START DATA TO PROCESS

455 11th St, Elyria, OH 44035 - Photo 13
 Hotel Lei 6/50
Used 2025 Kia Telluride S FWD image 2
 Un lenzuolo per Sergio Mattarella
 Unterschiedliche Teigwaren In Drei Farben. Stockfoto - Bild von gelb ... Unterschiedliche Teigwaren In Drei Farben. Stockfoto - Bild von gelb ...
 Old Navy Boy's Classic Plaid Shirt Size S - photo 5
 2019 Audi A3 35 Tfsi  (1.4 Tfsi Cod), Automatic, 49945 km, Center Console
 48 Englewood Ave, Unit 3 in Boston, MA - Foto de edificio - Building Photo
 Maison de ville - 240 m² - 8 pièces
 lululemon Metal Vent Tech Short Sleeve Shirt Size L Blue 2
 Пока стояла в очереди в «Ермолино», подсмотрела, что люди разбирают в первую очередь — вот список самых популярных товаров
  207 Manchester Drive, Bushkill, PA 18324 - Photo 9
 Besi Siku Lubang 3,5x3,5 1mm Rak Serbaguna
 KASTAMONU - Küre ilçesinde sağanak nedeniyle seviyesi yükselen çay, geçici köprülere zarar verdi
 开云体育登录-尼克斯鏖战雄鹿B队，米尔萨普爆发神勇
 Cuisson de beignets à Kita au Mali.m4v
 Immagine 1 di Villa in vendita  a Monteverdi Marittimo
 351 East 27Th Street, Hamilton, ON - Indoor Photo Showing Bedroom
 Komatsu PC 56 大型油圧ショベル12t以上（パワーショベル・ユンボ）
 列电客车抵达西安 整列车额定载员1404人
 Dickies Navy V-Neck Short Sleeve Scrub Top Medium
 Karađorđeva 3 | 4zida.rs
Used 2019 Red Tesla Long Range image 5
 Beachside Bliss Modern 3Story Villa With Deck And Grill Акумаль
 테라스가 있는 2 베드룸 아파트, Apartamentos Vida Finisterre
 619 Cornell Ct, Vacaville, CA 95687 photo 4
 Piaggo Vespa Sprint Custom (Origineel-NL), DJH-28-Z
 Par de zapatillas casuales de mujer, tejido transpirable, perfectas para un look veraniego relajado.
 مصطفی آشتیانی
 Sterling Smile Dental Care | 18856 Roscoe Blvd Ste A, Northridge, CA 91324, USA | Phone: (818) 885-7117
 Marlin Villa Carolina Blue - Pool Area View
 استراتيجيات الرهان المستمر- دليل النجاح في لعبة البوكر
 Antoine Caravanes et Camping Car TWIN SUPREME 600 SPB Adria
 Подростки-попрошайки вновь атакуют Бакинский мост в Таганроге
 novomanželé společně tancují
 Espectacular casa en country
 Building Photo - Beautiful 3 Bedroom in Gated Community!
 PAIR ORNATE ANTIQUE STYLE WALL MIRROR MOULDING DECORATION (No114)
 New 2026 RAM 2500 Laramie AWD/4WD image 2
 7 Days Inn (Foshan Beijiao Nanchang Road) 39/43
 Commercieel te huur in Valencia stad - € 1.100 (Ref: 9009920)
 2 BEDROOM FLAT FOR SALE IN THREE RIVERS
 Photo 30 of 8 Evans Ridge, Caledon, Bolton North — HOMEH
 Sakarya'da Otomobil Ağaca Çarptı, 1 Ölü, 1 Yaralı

END DATA TO PROCESS

◆ **THE TASK**
All of the lines above must be returned exactly as they stand.

◆ **SOLUTION FOR THIS TASK**
455 11th St, Elyria, OH 44035 - Photo 13
 Hotel Lei 6/50
Used 2025 Kia Telluride S FWD image 2
 Un lenzuolo per Sergio Mattarella
 Unterschiedliche Teigwaren In Drei Farben. Stockfoto - Bild von gelb ... Unterschiedliche Teigwaren In Drei Farben. Stockfoto - Bild von gelb ...
 Old Navy Boy's Classic Plaid Shirt Size S - photo 5
 2019 Audi A3 35 Tfsi  (1.4 Tfsi Cod), Automatic, 49945 km, Center Console
 48 Englewood Ave, Unit 3 in Boston, MA - Foto de edificio - Building Photo
 Maison de ville - 240 m² - 8 pièces
 lululemon Metal Vent Tech Short Sleeve Shirt Size L Blue 2
 Пока стояла в очереди в «Ермолино», подсмотрела, что люди разбирают в первую очередь — вот список самых популярных товаров
  207 Manchester Drive, Bushkill, PA 18324 - Photo 9
 Besi Siku Lubang 3,5x3,5 1mm Rak Serbaguna
 KASTAMONU - Küre ilçesinde sağanak nedeniyle seviyesi yükselen çay, geçici köprülere zarar verdi
 开云体育登录-尼克斯鏖战雄鹿B队，米尔萨普爆发神勇
 Cuisson de beignets à Kita au Mali.m4v
 Immagine 1 di Villa in vendita  a Monteverdi Marittimo
 351 East 27Th Street, Hamilton, ON - Indoor Photo Showing Bedroom
 Komatsu PC 56 大型油圧ショベル12t以上（パワーショベル・ユンボ）
 列电客车抵达西安 整列车额定载员1404人
 Dickies Navy V-Neck Short Sleeve Scrub Top Medium
 Karađorđeva 3 | 4zida.rs
Used 2019 Red Tesla Long Range image 5
 Beachside Bliss Modern 3Story Villa With Deck And Grill Акумаль
 테라스가 있는 2 베드룸 아파트, Apartamentos Vida Finisterre
 619 Cornell Ct, Vacaville, CA 95687 photo 4
 Piaggo Vespa Sprint Custom (Origineel-NL), DJH-28-Z
 Par de zapatillas casuales de mujer, tejido transpirable, perfectas para un look veraniego relajado.
 مصطفی آشتیانی
 Sterling Smile Dental Care | 18856 Roscoe Blvd Ste A, Northridge, CA 91324, USA | Phone: (818) 885-7117
 Marlin Villa Carolina Blue - Pool Area View
 استراتيجيات الرهان المستمر- دليل النجاح في لعبة البوكر
 Antoine Caravanes et Camping Car TWIN SUPREME 600 SPB Adria
 Подростки-попрошайки вновь атакуют Бакинский мост в Таганроге
 novomanželé společně tancují
 Espectacular casa en country
 Building Photo - Beautiful 3 Bedroom in Gated Community!
 PAIR ORNATE ANTIQUE STYLE WALL MIRROR MOULDING DECORATION (No114)
 New 2026 RAM 2500 Laramie AWD/4WD image 2
 7 Days Inn (Foshan Beijiao Nanchang Road) 39/43
 Commercieel te huur in Valencia stad - € 1.100 (Ref: 9009920)
 2 BEDROOM FLAT FOR SALE IN THREE RIVERS
 Photo 30 of 8 Evans Ridge, Caledon, Bolton North — HOMEH
 Sakarya'da Otomobil Ağaca Çarptı, 1 Ölü, 1 Yaralı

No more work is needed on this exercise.